Note that currently the internal loan call is blocking, which means if no memory is available it will not return (this will change in the future). This may happen if the configured memory is not sufficient for the overall system load, i.e. the memory needed was not available in the first place or is used by other samples which are currently read or written.

Verifing Shared Memory Usage

It is currently not possible to accurately check whether Shared Memory transfer actually takes place for a specific subscription. If the conditions in Restrictions are met this should be the case. If the data rate or latency are beyond what is achievable using regular network communication this is an indication that at least partially Shared Memory communication via iceoryx is being used.

Another way to check whether Shared Memory is used is running the iceoryx introspection client, which allows tracking of various statistics of the iceoryx communication, Shared Memory utilization being one of them.

Building the iceoryx introspection

The introspection client is not build by default, so we need to do so manually. The introspection depends on iceoryx_utils and iceoryx_posh and we will build against the libraries already build by the ROS 2 installation. After installing ROS 2 as described in Installation navigate to the ROS 2 workspace and execute

cd ros2_ws
. ~/ros2_ws/install/setup.bash

In the introspection folder of the iceoryx repository (part of the ROS 2 installation) run cmake followed by make to build the introspection.

cd src/eclipse-iceoryx/iceoryx/tools/introspection
cmake -Bbuild
cd build
make

Afterwards the executable iox-introspection-client should appear in the build folder.

Using the iceoryx introspection

The introspection requires RouDi to be running since it receives the statistics information directly from the RouDi middleware daemon by subscribing to built-in topics.

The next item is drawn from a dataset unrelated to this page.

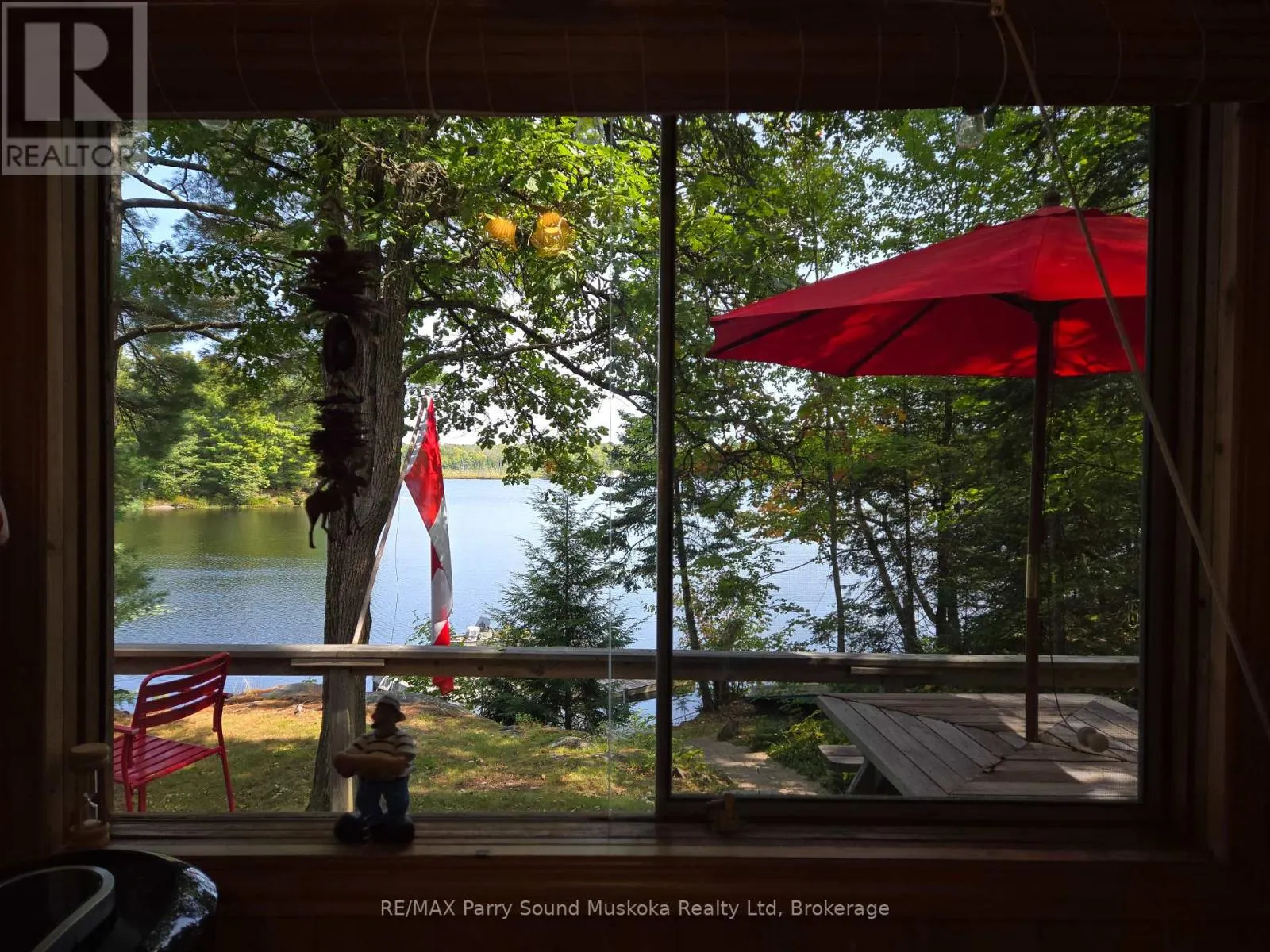 216 LORIMER LAKE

Start RouDi and any applications of your system, e.g. talker and listener.

The introspection is able to track the processes using iceoryx, the subscriptions using Shared Memory (those using network cannot be found here) and Shared Memory utilization data (i.e. the number and size of allocations in Shared Memory).

Executing

./iox-introspection-client --h

in the folder where the introspection was build provides us with a list of the various options. In the following we will display all statistics by running

./iox-introspection-client --all

To verify that a particular connection is using Shared Memory we can proceed as follows. In the particular talker and listener example the internal ID of the talker and lister process should appear in the Processes section of the introspection. These IDs are unique but unfortunately cannot be easily traced back to the process.

From the Connections section we can infer whether a specific topic is offered and whether a subscription to this topic exists. Note that AUTOSAR terminology is used for the displayed data but the topic information is available in the Instance and Event columns. Also note that the built-in topics used by the introspection are also listed.

If a publisher which uses Shared Memory publishes data, the memory utilization changes. This is visible in the MemPool Status section in the part listed in Segment Id: 1. If Shared Memory is used, the number of chunks in use should go up until a specific saturation point where it will stagnate or start to fluctuate slightly as chunks are freed by the suscribing party. This is related to the settings in the configuration as these essentially control how much Shared Memory a specific subscribtion can use at most.

If we can observe memory chunks being used this is a strong indication that data is transferred by Shared Memory. However, this does not rule out that part of the communication (e.g. other subscriptions) is using the regular network tranfer. This cannot be conclusive in general if multiple subscriptions exist since we do not know which of them transfer data via Shared Memory by observing this statistic in isolation.

The Min Free statistic is also important, as it counts the minimum number of chunks of a specific size that were free in a particular system execution (i.e. this can only decrease monotonically). If this is running low it indicates that there may be not enough Shared Memory available. This can be increased by using a different Shared Memory configuration.